I've been trying to solve this problem for two days and I'm tearing my hair out.
I have a dataset with nearly 15 million points. I have a few days of data points that are artifacts that I need to remove from the dataset.
I know the syntax for deleting rows that I need to delete from my dataset:
DataNoArtifacts <- Data[-(5039761:5041201), ]
This code has worked for me in the past and continues to work for me. My problem is FINDING the actual values that I need to delete so that I can get the row numbers, or range of row numbers, to put in the code.
When I try to filter the dataset to find the exact date and minutes I need to filter out, I can easily find the times. However, filtering the dataset to get them assigns them new row numbers. I need to be able to filter the data and see the original row numbers but cannot.
So I tried to solve this by scrolling through my 15,000,000 row dataset to find the rows manually since that seems to be the only option. The problem is, if I scroll more than one click or so at a time, the dataset will jump up/down a few thousand rows, which makes it near impossible for me to find the row number for any specific day, MUCH less the exact hour and minute I need to find. If I finally get within the range of a couple of weeks from the data point I need to find and delete, the only way to ensure I'll be able to find the datapoint I need is to click one click at a time... through 2 weeks or so of data that is broken up by the minute.

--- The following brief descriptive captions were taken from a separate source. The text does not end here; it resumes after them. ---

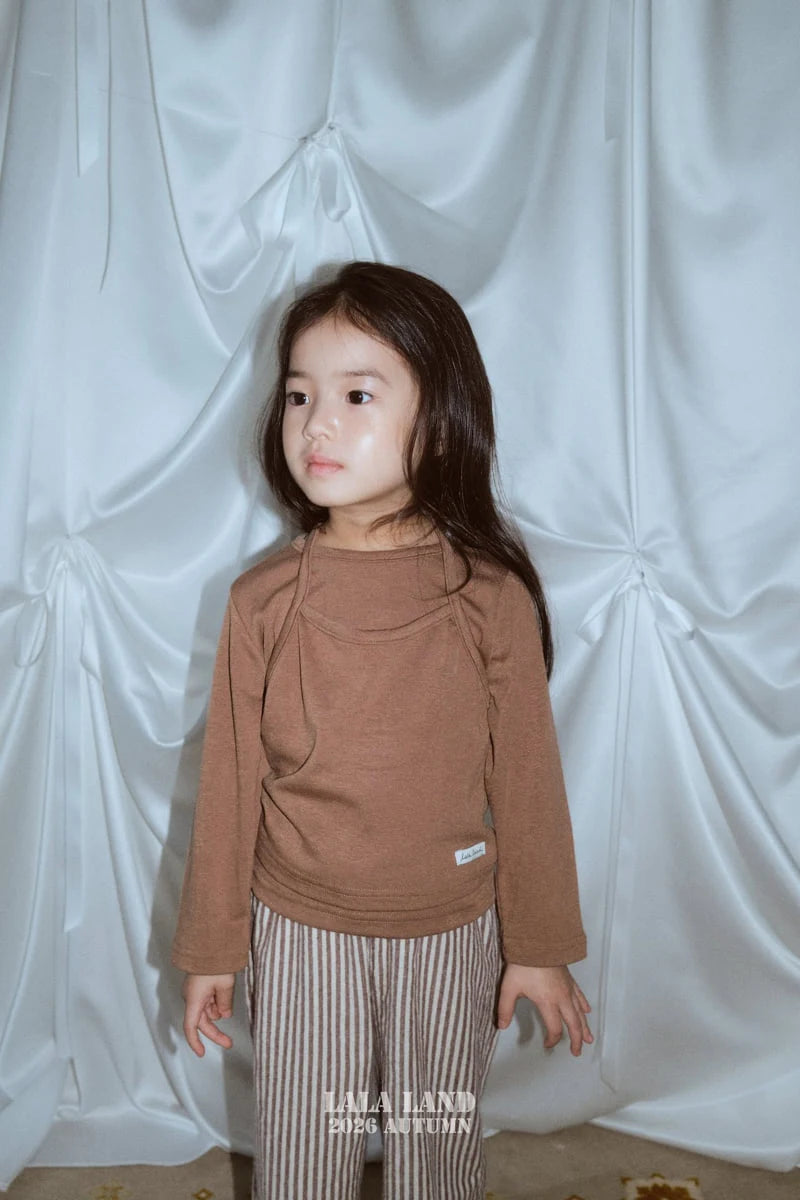 Little Foxx – Coco Stripe Pants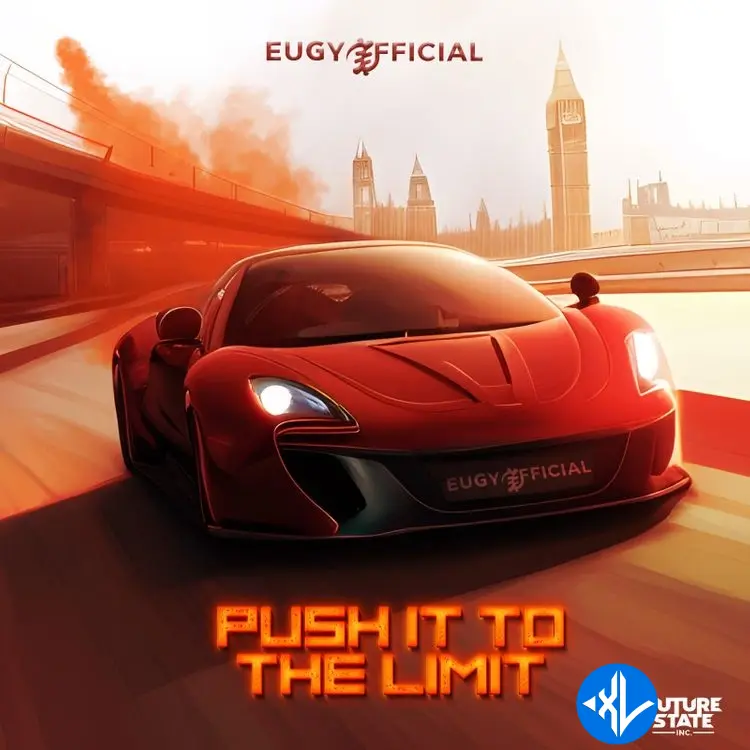 Eugy – Push It To The Limit ft. K-Zaka Cover Art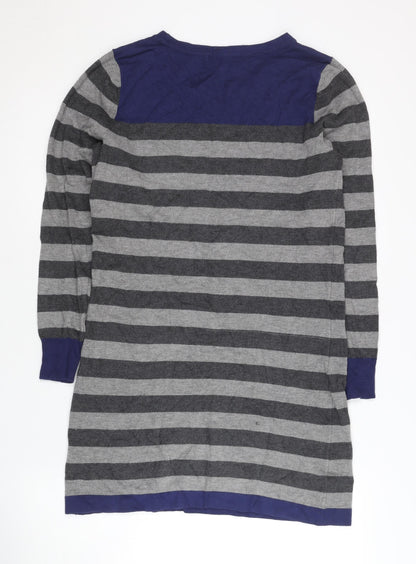 Womens UK Size 12 Marks and Spencer Multicoloured Pullover Jumper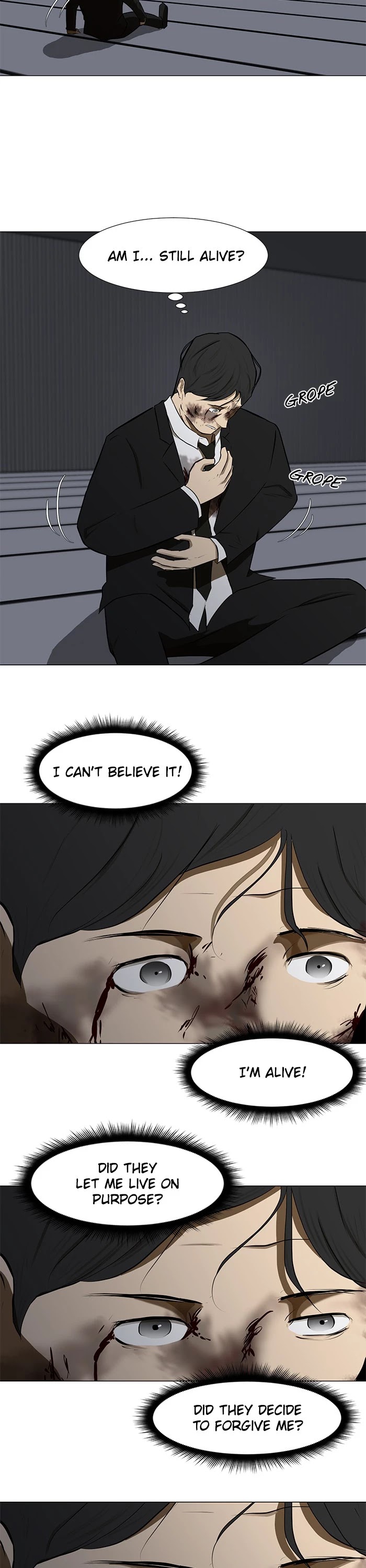 Dark Mortal Chapter 79 page 2 - Chapter 79 [END]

I have some days with data I need to delete with a huge range (example: 12/11/2003 has a few ranges of many hours at a time with equipment error that I need to delete), and some of the days with data I need to delete have only a few randomly interspersed minutes within the entire day that are problematic (example: 3/10/2014 with constant wind speeds between 0 and 3 m/s, with about 40 random blips in the data of the 1,440 minutes throughout the day that are anomalies like 20 m/s).
Long story short: I know how to delete the values I need to delete. But for the life of me R will not cooperate to help me find the rows.
Unfortunately, the data points I need to delete are not exclusively days/hours/minutes above or below a certain value I can filter out. It's the times AROUND specific points that indicated artifacts that I need to delete.